**AIM OF THE TASK**
Skip the pictures. Set down, word for word, the lines from the start of the material up to and including the line with "Valeriaan: twee soorten".

**MATERIAL FOR THE TASK**
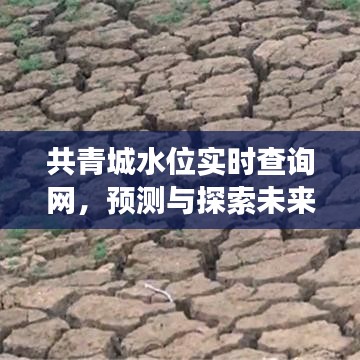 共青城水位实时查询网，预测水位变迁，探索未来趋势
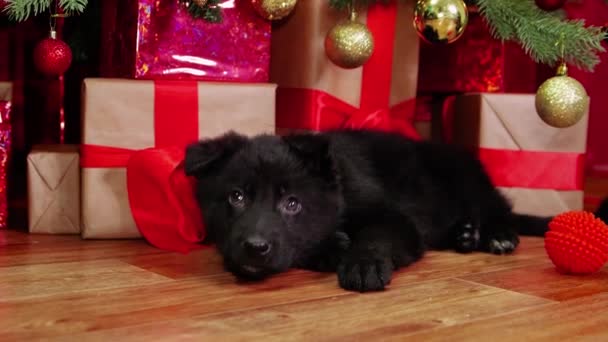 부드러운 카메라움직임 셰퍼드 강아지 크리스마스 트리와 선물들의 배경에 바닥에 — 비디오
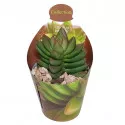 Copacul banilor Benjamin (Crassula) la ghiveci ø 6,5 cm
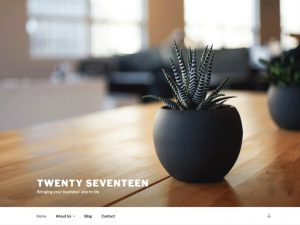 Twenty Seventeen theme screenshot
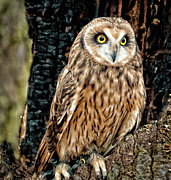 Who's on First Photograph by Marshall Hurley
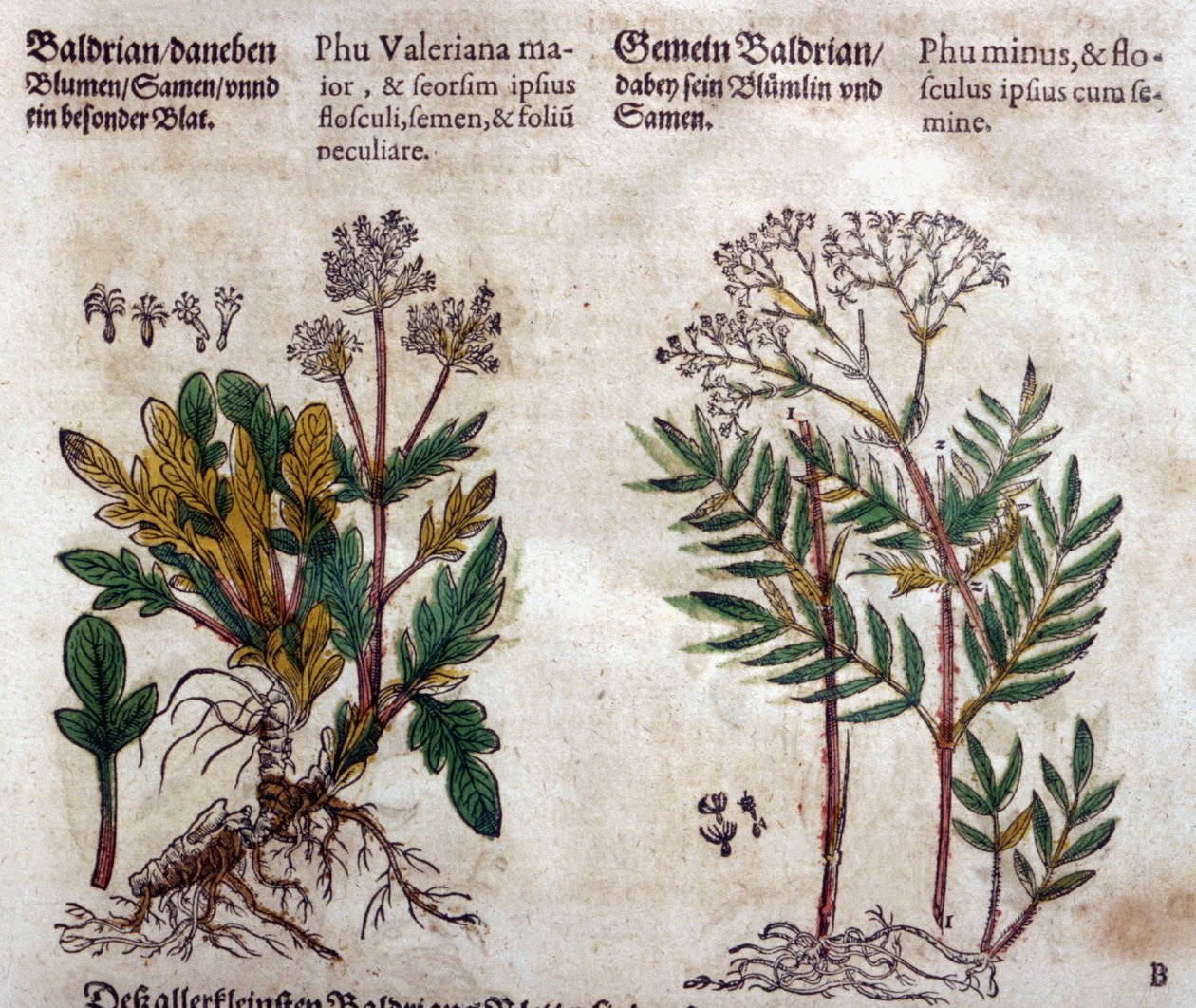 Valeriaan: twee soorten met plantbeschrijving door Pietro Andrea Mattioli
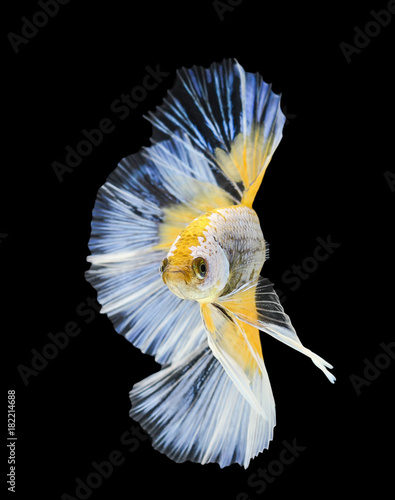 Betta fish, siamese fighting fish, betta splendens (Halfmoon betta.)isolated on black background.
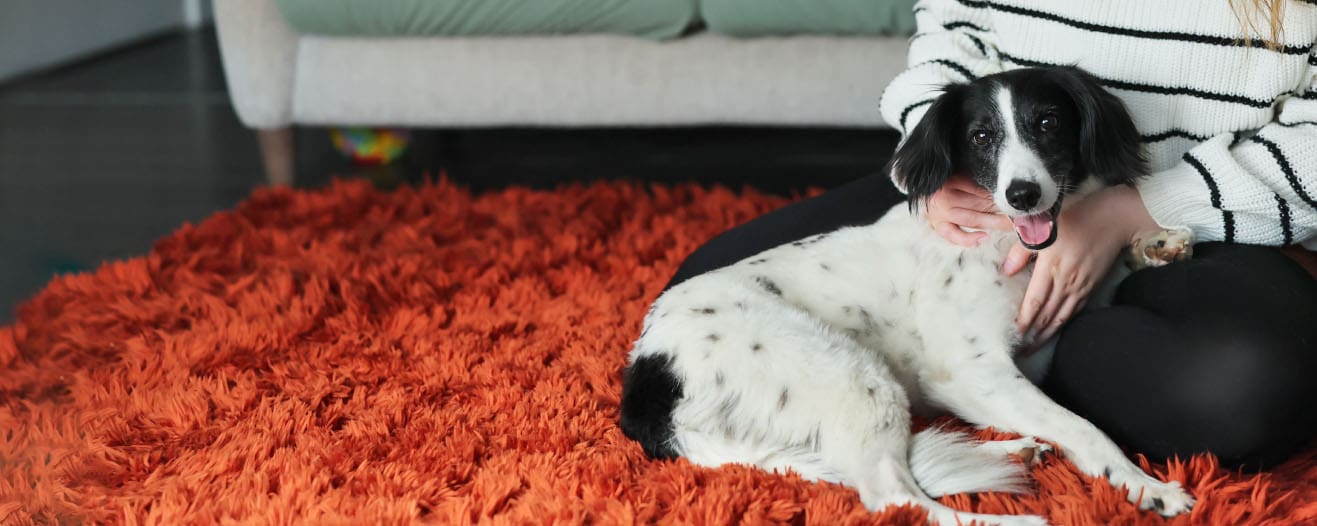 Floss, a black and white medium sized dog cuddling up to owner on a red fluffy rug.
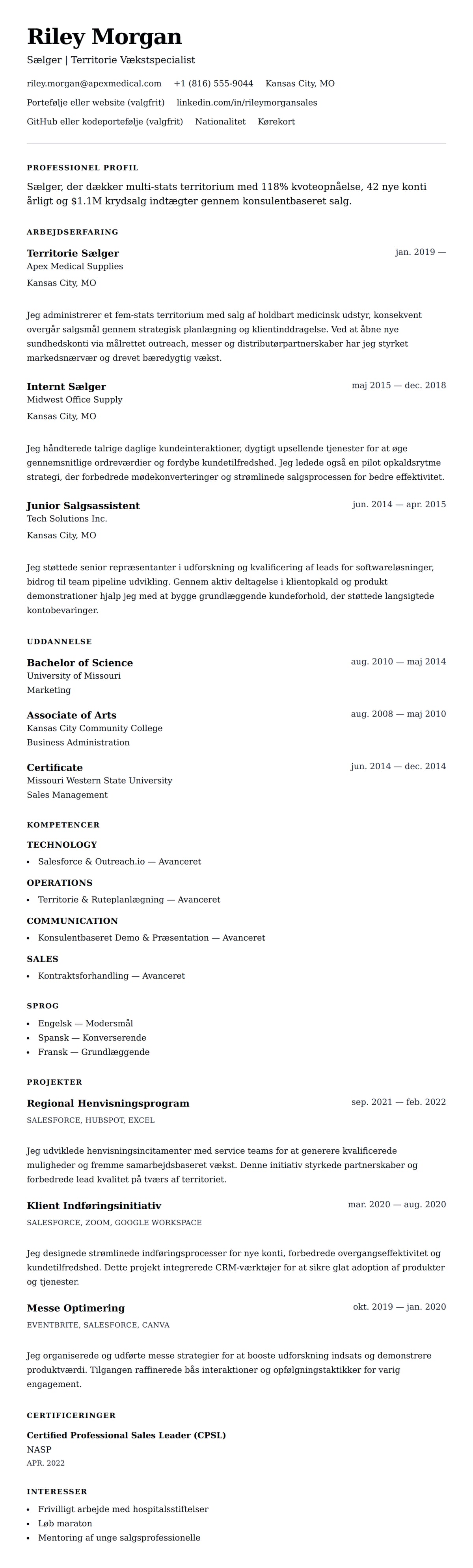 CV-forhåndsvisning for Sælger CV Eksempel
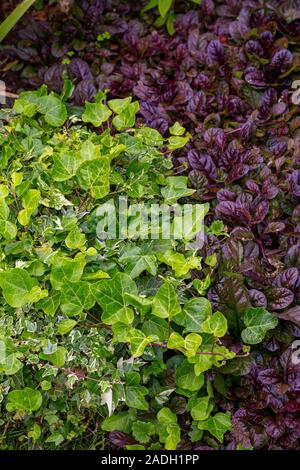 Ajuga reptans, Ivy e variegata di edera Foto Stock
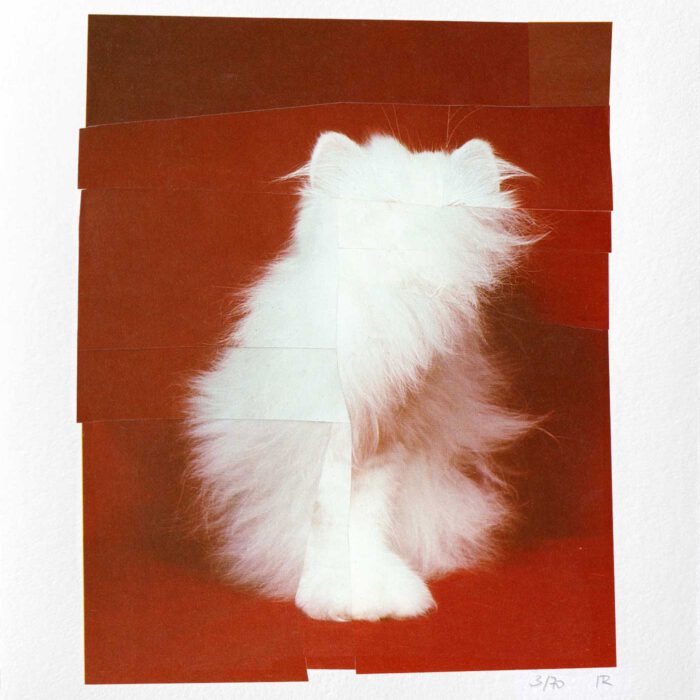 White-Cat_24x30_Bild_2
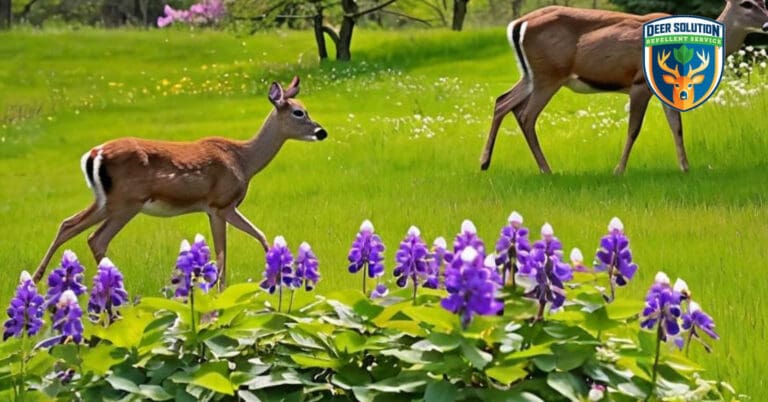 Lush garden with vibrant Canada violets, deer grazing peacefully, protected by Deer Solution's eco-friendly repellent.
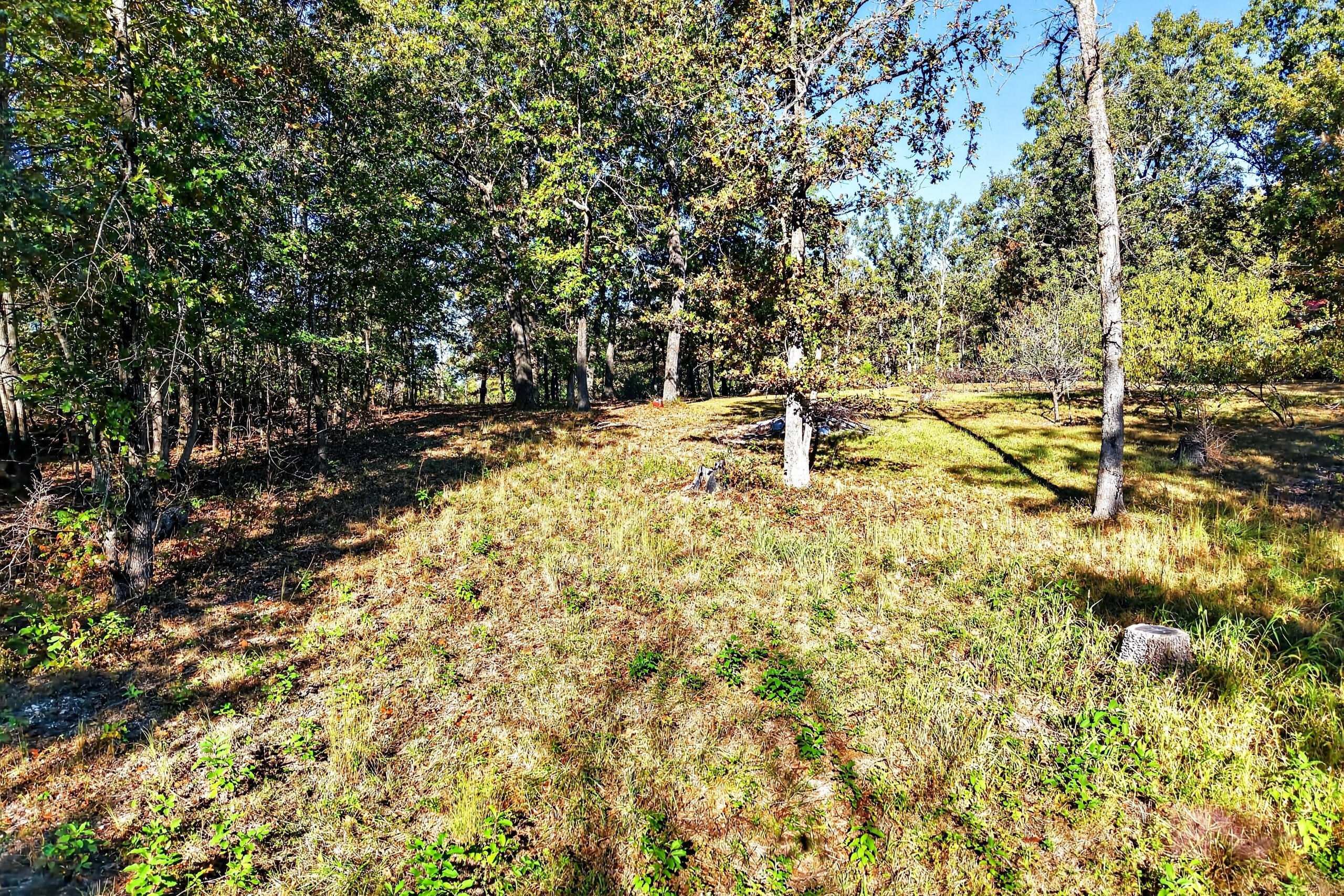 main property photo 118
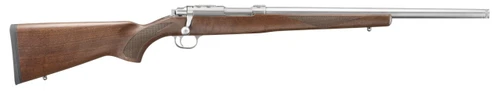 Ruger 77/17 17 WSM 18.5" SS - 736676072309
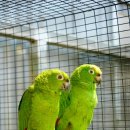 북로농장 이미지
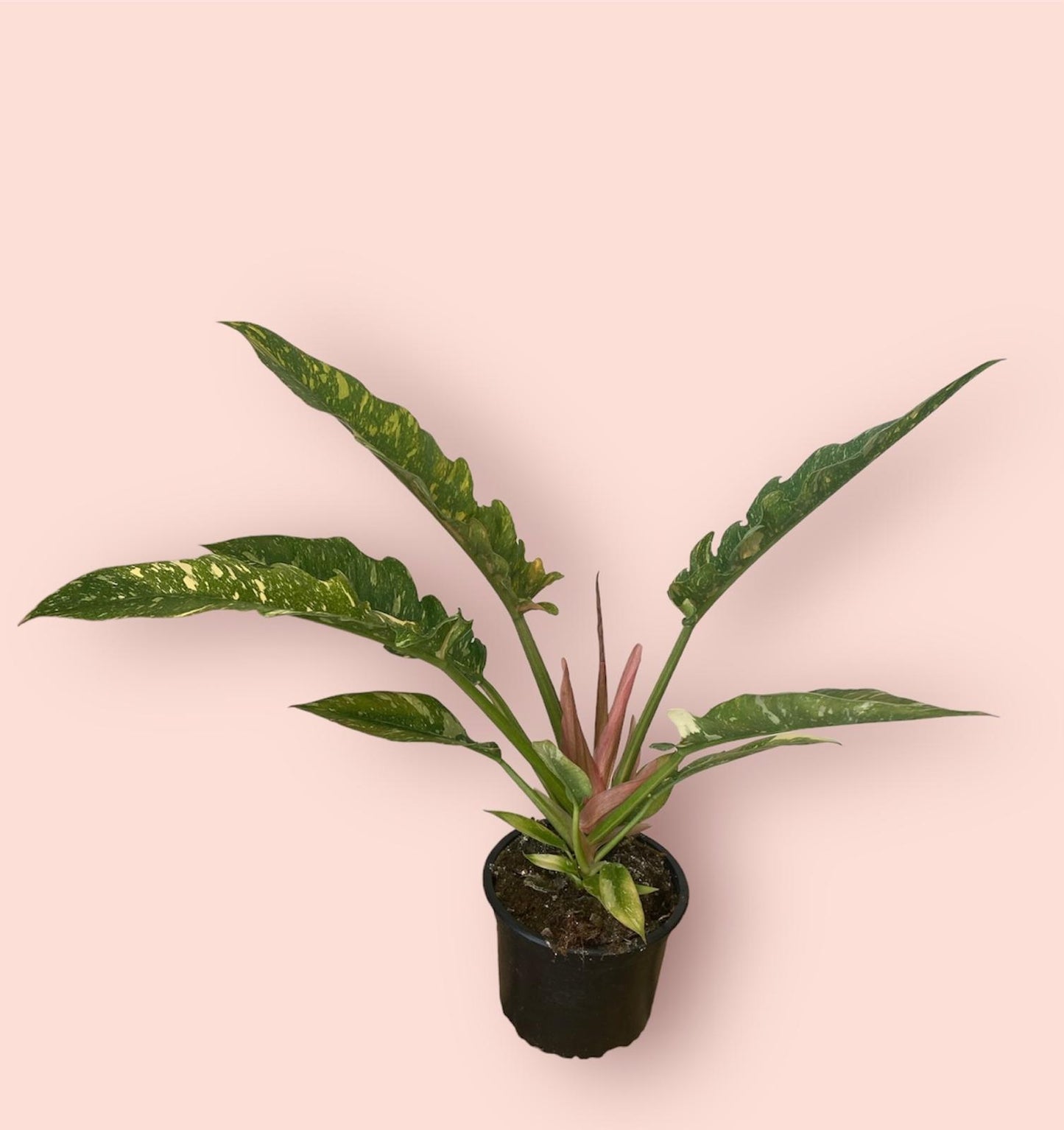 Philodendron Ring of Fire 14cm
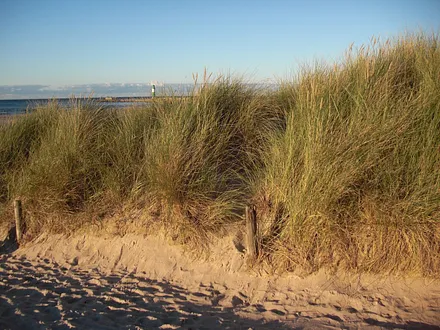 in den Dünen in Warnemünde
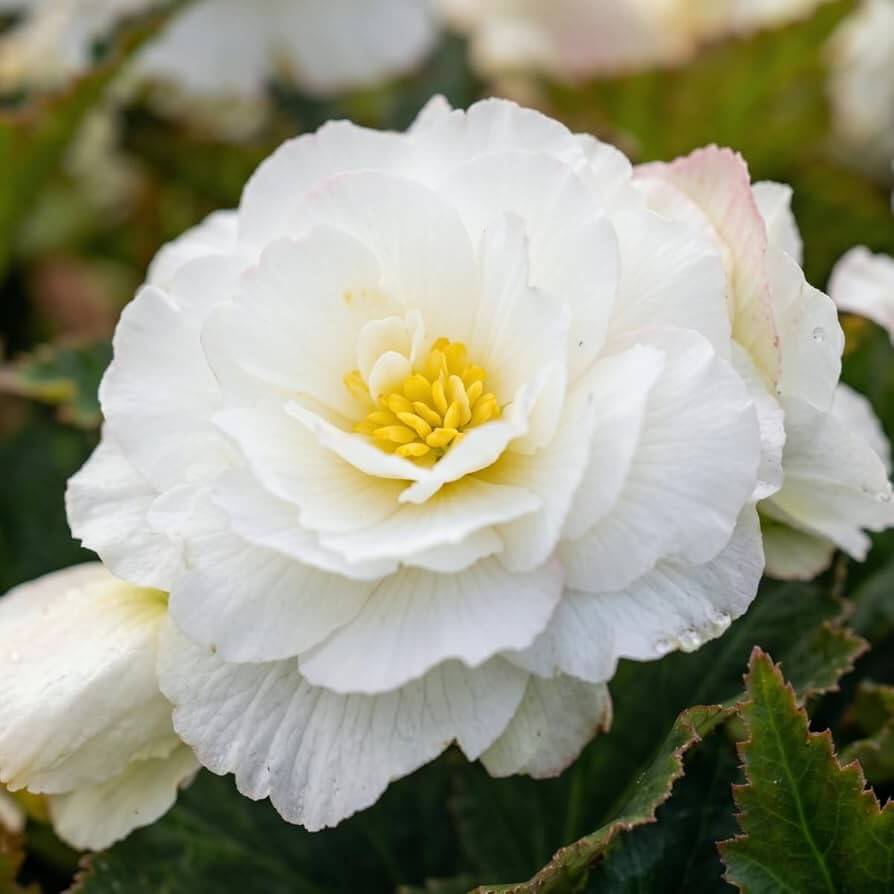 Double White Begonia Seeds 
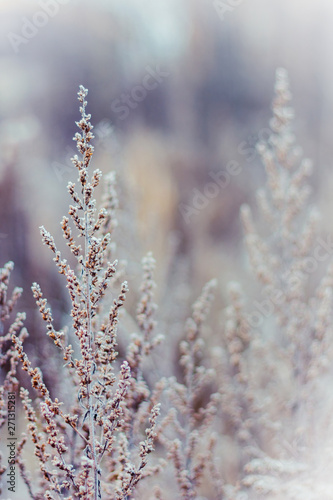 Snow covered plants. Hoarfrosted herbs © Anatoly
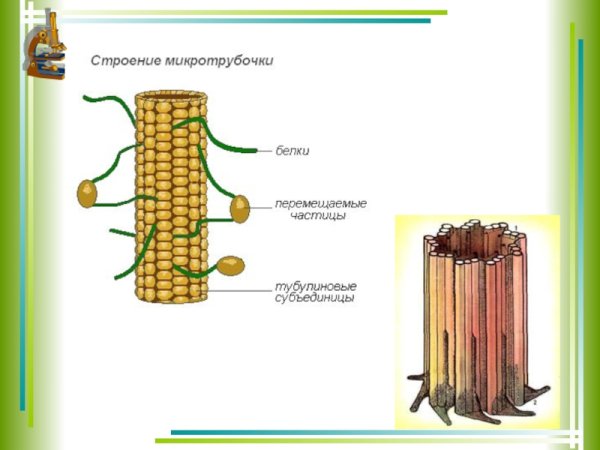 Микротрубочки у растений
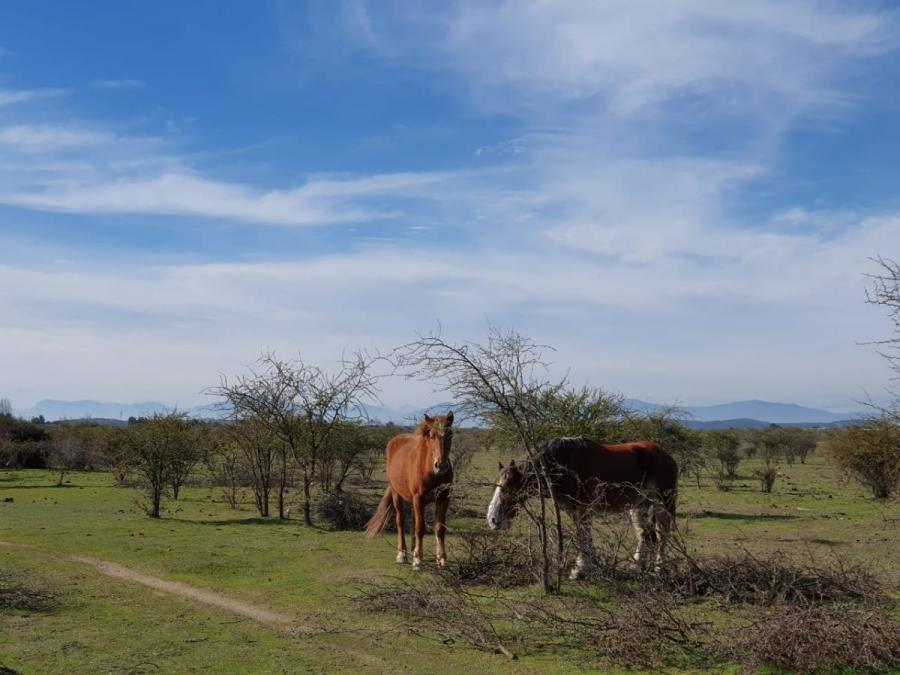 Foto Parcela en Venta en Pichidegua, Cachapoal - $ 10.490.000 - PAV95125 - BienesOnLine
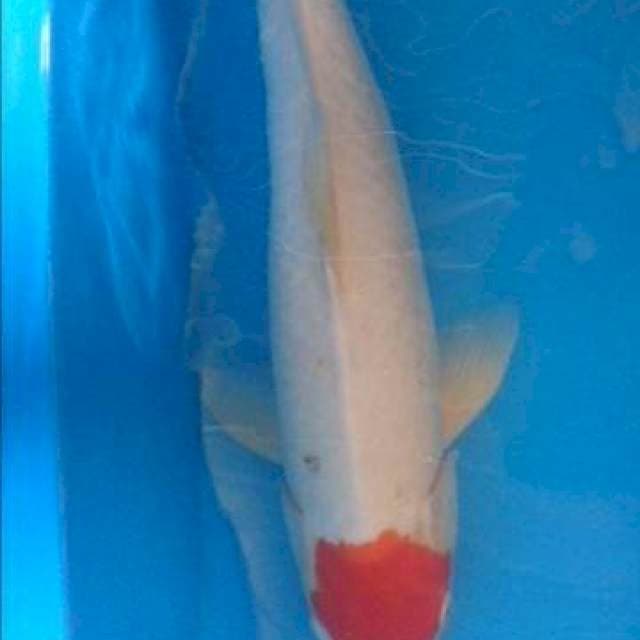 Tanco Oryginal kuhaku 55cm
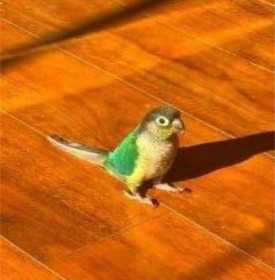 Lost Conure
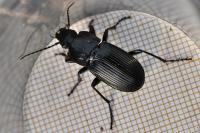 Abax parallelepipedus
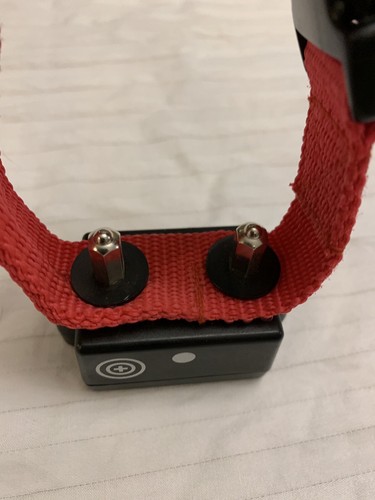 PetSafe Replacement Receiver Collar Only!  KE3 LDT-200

**FINISHED TASK**
 共青城水位实时查询网，预测水位变迁，探索未来趋势
 부드러운 카메라움직임 셰퍼드 강아지 크리스마스 트리와 선물들의 배경에 바닥에 — 비디오
 Copacul banilor Benjamin (Crassula) la ghiveci ø 6,5 cm
 Twenty Seventeen theme screenshot
 Who's on First Photograph by Marshall Hurley
 Valeriaan: twee soorten met plantbeschrijving door Pietro Andrea Mattioli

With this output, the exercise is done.